== About this exercise ==
Down to the last line, write out the entries below exactly and omit all pictures.

*** Opening of Exercise input ***

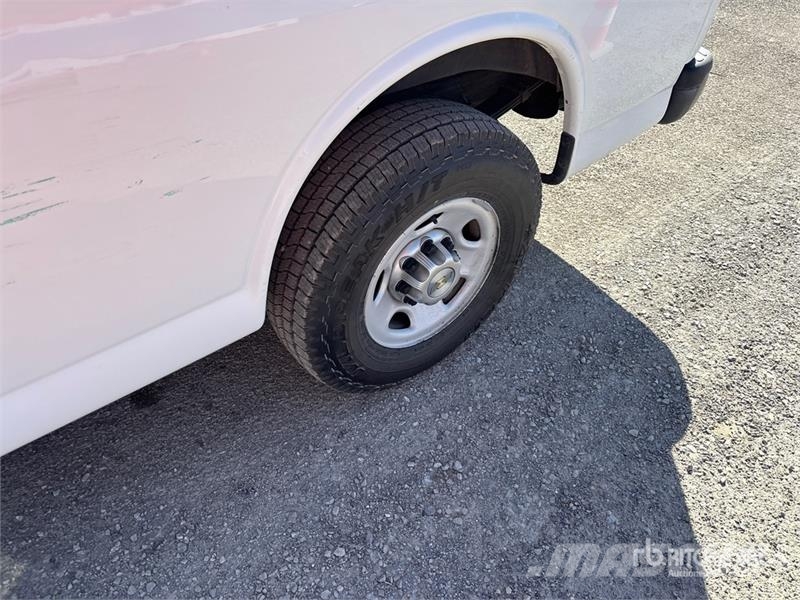 Chevrolet Express 2500 Cargo Van 패널 화물차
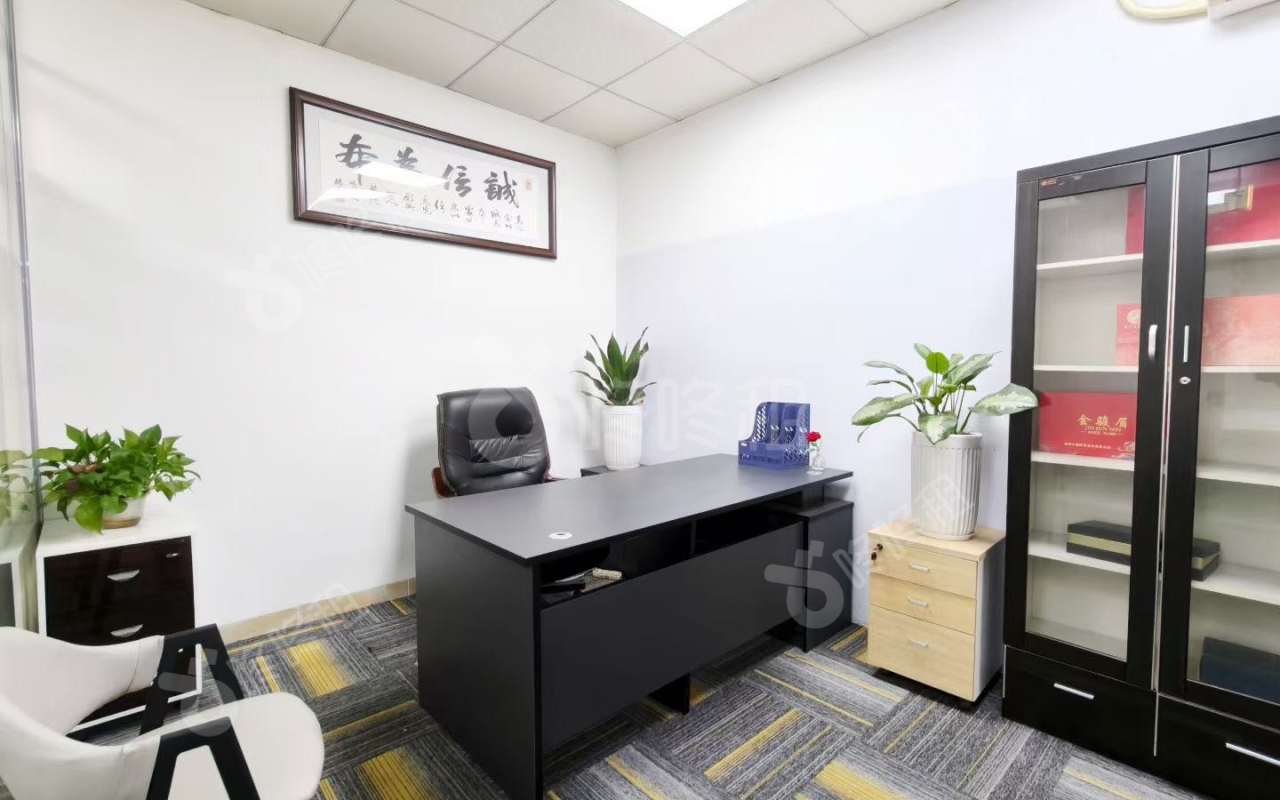 明月花都_157平_精装_办公室隔间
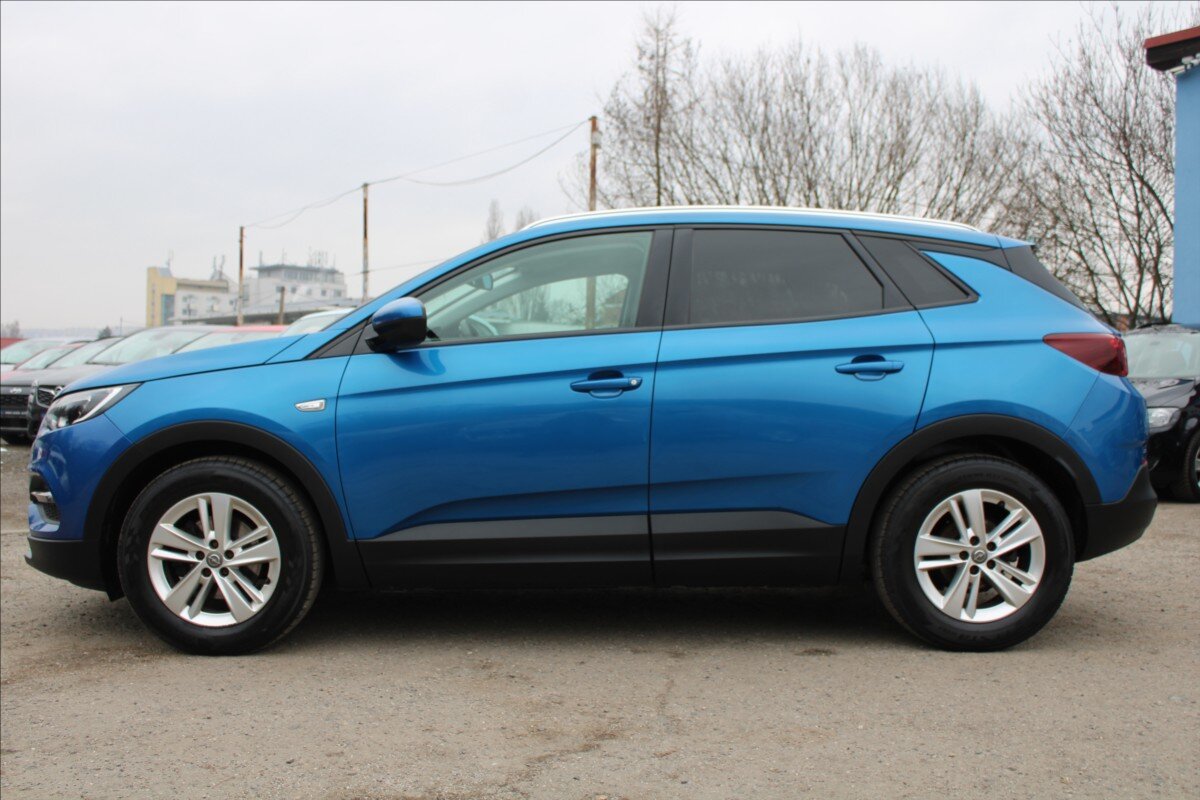 Opel Grandland X SUV 1,2 l 96 kw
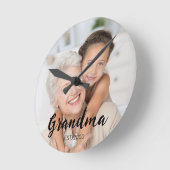 Horloge Ronde Grandma Established Modern Script Photo (Angle)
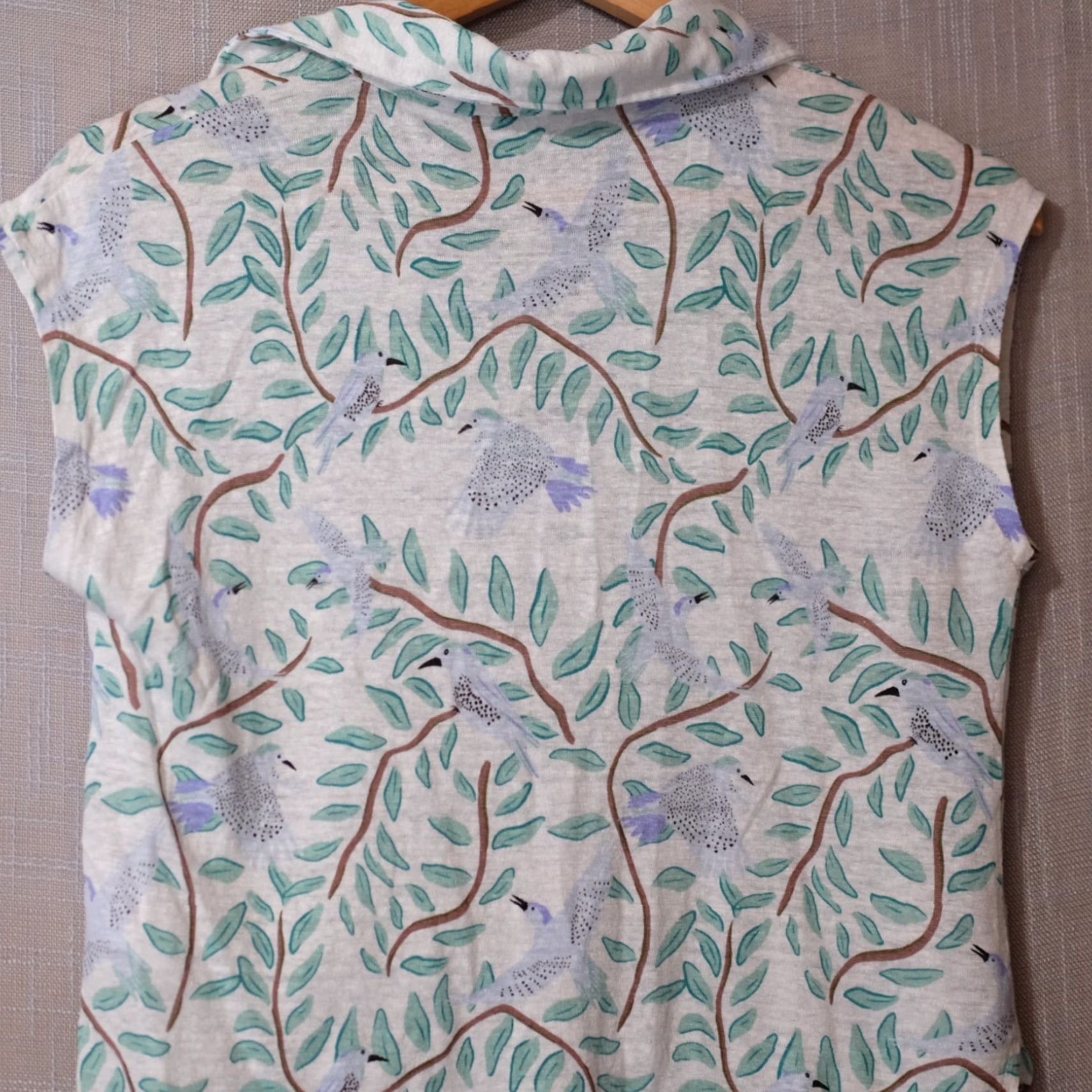 Vintage Nwot! Cynthia Rowley Top White/Green Leaves/Bird Print 100% Linen Size S Size S / US 4 / IT 40 - 5 Thumbnail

*** Close of Exercise input ***

== Your solution ==
 Chevrolet Express 2500 Cargo Van 패널 화물차
 明月花都_157平_精装_办公室隔间
 Opel Grandland X SUV 1,2 l 96 kw
 Horloge Ronde Grandma Established Modern Script Photo (Angle)
 Vintage Nwot! Cynthia Rowley Top White/Green Leaves/Bird Print 100% Linen Size S Size S / US 4 / IT 40 - 5 Thumbnail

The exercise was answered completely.